Public Enemies
L’histoire de Public Enemies, inspirée d’un livre somme de Bryan Currough, était taillée aux mesures du réalisateur de Heat : Michael Mann. Soit celle de Dillinger (Johnny Depp), l’ennemi public numéro 1 des années 1930, versus Mevin Purgis (Christian Bale), sa némésis et bras armé d'Edgar Hoover qui, au sein du FBI, crée alors une élite d’agents spécialisés dans la lutte contre le crime, les G-Men. Treize mois de traque tendue et sanglante qui s’achèveront en 1934 devant le Biograph Theater de Chicago, projetant alors le film miroir de la courte vie de Dillinger (Manhattan Melodrama avec Clark Gable et Myrna Loy).
Johnny Depp succède ici à Laurence Tierney et Warren Oates, deux interprétations de Dillinger, l’une pâle (Dillinger de Max Nosseck en 1945), l’autre goguenarde et énergique dans la très bonne version de John Milius en 1973, dont Public Enemies constitue, à bien des égards, le remake.
Calme et solitaire, incorruptible et charmeur, Depp reprend (plutôt bien) le flambeau de ces héros manniens (De Niro dans Heat, Cruise dans Collateral), hyper-compétents, obsessionnels et mélancoliques qui, même à l’orée de la chute, ne cèdent jamais à la furia, à la violence anarchique et incontrôlée. De ce point de vue, le Dillinger de Depp évoque plus le samouraï existentiel de Melville que James Cagney chez Walsh (L’enfer est à lui) : aucune saute d’humeur, aucune exubérance, mais une élégance cool et raffinée dont il ne se départira jamais.
Sans remonter aux classiques du genre (Public Ennemi, White Heat, Little Caesar), souvenons-nous seulement de Bonnie and Clyde en 1967, et de la façon dont Penn avait réussi à faire vibrer autour du couple Beatty/Dunaway une époque (la Grande Dépression des années 1930) et l’atmosphère de l’Amérique contestataire de la fin des Sixties.
Ici, Mann reste tellement concentré sur ses deux personnages (les autres membres de la bande, Baby Face Nelson, Van Meter, Floyd, sont à peine esquissés), et sur ce qui leur arrive ici et maintenant (beauté de la HD et sentiment d’une actualité immédiate des événements évacuant toute forme de nostalgie), déploie une telle méticulosité dans la reconstitution des lieux (le pénitencier de l’Indiana duquel Dillinger s’évade dans la séquence d’ouverture, le Little Bohemina Lodge où débutent la débâcle de sa bande et une fusillade nocturne visuellement somptueuse), que son film manque parfois d’ampleur, de lyrisme.
Il ne s’agit pas d’une question de scénariste (écrire la scène qui parlera de ce qui se passe à côté), mais de la capacité à charger l’air et le cadre d’un ailleurs qui les hante.
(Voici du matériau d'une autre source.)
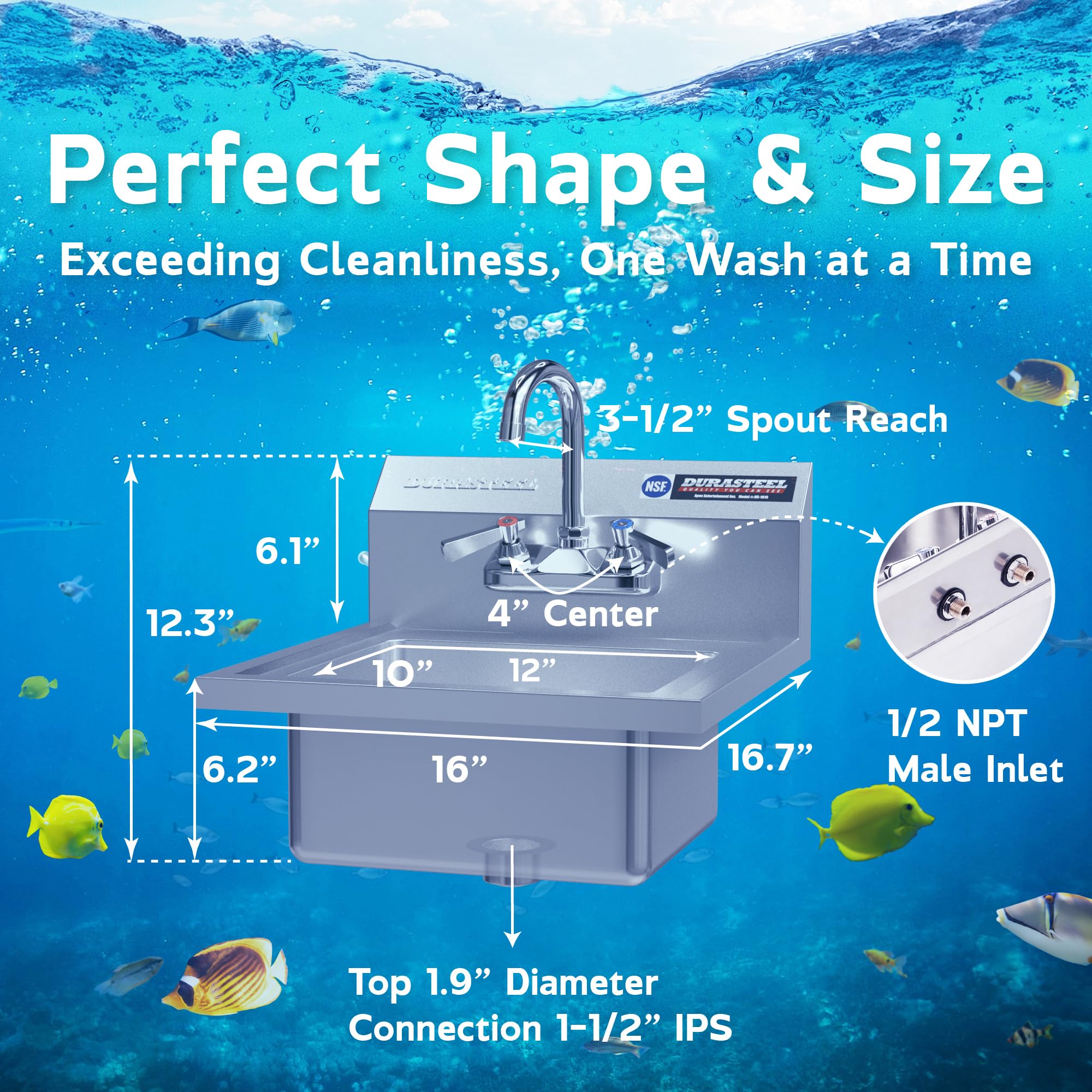DuraSteel NSF Certified Commercial Stainless Steel Wall Mount Kitchen Sink - 12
D’ailleurs, pour la première fois depuis La forteresse noire en 1983, Mann ne filme pas son plan fétiche, celui d’un personnage décadré, perdu dans la contemplation mélancolique d’un horizon impossible à atteindre.
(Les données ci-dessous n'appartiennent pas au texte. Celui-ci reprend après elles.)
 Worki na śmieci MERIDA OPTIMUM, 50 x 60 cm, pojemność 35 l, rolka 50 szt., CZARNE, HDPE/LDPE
L’étrangeté de Public Enemies, ou plutôt la difficulté à le situer dans la filmographie de Mann, réside dans le fait qu’on y retrouve intacts tous les thèmes du réalisateur de Miami Vice (le dernier coup, le passage du crime artisanal à son industrialisation, la disparition des codes d’honneur contre la froideur des corporate), sa configuration favorite (deux professionnels dont les trajectoires finissent par se recouper), son goût pour l’abstraction, et même une piste nouvelle qu’il traite de façon admirable : la conscience qu’acquiert Dillinger de devenir en temps réel une icône de cinéma.
Comme tous les polars de Mann, Public Enemies est une tragédie mais filmée comme une folk song (Ten Million Slaves d'Otis Taylor pour l’introduction blues de Purvis, et cette idée géniale de relier la chasse des gangsters à celles des esclaves), là où le Solitaire, Heat ou Miami Vice ressemblaient plutôt à des opéras contemplatifs.